The prediction market reached a new record for monthly trading volume of $28.4 billion in May, according to Artemis data. This figure surpasses the previous record high of $27.1 billion set in January of this year and marks the fourth consecutive month of increase in trading volume.
The streak itself says more than the headline numbers. The January surge fed on leftovers from the election cycle and the positioning of the new year. May, on the other hand, didn’t really have an equivalent catalyst, but still won. This seems to suggest that activity on prediction market platforms is moving away from sudden event-based spikes towards a stable trough. The idea that these markets are places of occasional curiosity is gradually transitioning into permanent spaces.
Kalsi recorded a trading volume of $17.3 billion last month. This is itself a monthly record for the platform, with a 29% increase in volume month-over-month. Even more noteworthy is the fact that approximately 61% of the total trading volume came from Kalsi, which processed almost double the trading volume of Polymarket, which recorded $8.4 billion. But together, a duopoly still exists, as both of these platforms accounted for nearly 90% of May’s trading volume.
If we went back a year, this split between the two largest platforms would have been reversed. Polymarket built this category and maintained market dominance from 2024 all the way to September 2025 when Kalsi tipped the scales. We tracked a similar reversal within crypto-themed contracts earlier this month, with Kalsi shares rising since February.

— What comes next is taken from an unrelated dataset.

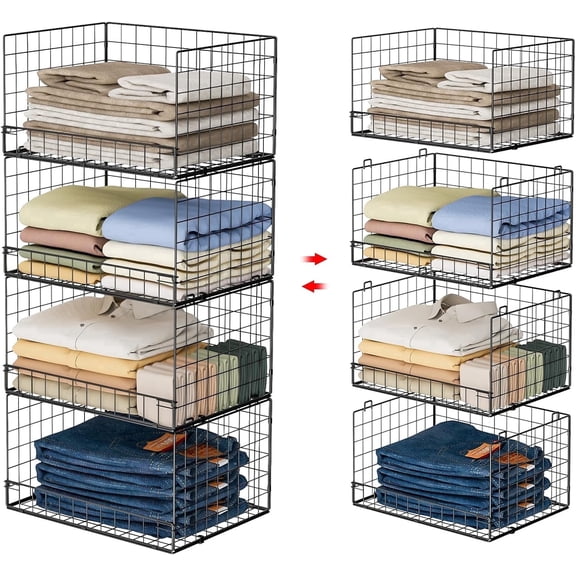 XCOSRACK 4-Tier Stackable Closet Organizer Baskets, Heavy-Duty Metal Wire Storage Shelves for Folded Clothes & Jeans, Foldable Wardrobe Organization for Bedroom, Black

The reason for this reversal is actually quite understandable. Kalsi’s regulated status in the United States helps drive its sports business, which accounts for the majority of its sales. Conversely, Polymarket ran into a number of regulatory hurdles throughout most of the last quarter. This does not mean that Polymarket’s trading volume is falling off a cliff from month to month; it simply has stopped rising.
Why break one record four months in a row?

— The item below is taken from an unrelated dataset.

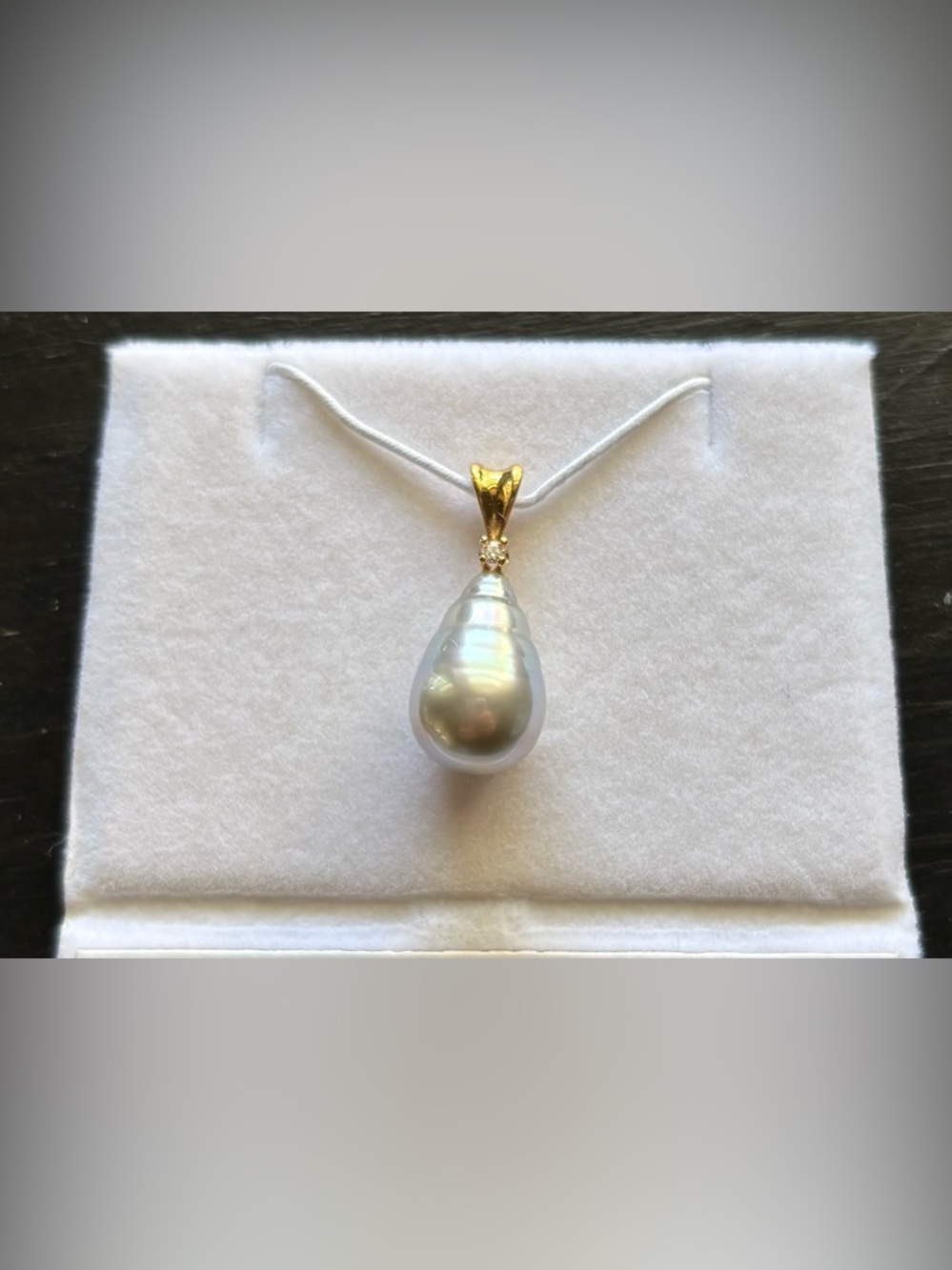 Maui Divers Silver/Iridescent Baroque Pearl Pendant, Diamond Accent in 14k Gold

A single record could be a fluke. Sports calendars, viral markets, and one big election can all spike in a month and then wane. After 4 months in a row, it’s hard to give up. This means that the floor beneath the sector continues to rise even when the catalyst stops rotating.

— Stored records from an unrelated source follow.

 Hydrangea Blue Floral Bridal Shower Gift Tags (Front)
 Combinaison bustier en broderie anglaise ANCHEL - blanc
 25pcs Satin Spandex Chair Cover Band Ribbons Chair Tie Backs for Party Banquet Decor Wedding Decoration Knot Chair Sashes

That baseline is the maturity signal. Prediction markets are no longer waiting for elections to become important. Newsrooms quote odds, hedge funds monitor odds, and market makers like Wintermute are now quoting two-sided prices across the largest venues. This plumbing is starting to look more like a genuine derivatives market than a new gamble.
Regulation and construction companies take the next step
Mr. Kalsi’s lead is in line with regulatory winds. The CFTC has indicated that clearer predictive market guidance favoring licensed exchanges is coming. Polymarket is playing the same game from the other side, buying a CFTC-licensed venue to re-enter the US market from which it had been largely shut out.
The builder tier is a wildcard. Hyperliquid launched the HIP-4 Outcomes Agreement on Mainnet on May 2, allowing developers to develop their own markets on top of an exchange that already settles hundreds of billions of dollars in monthly trading volume. The initial share is modest at about $87.7 million, well below 1% of the sector. But it does signal the next step. It is a marketplace that anyone can launch and settle on-chain, building on a base of 1.4 million existing traders.
For now, keep the shape simple. There are two large venues, one of which is regulated and exiting, and there is nothing to force it up, sitting in a sector that just recorded its strongest month.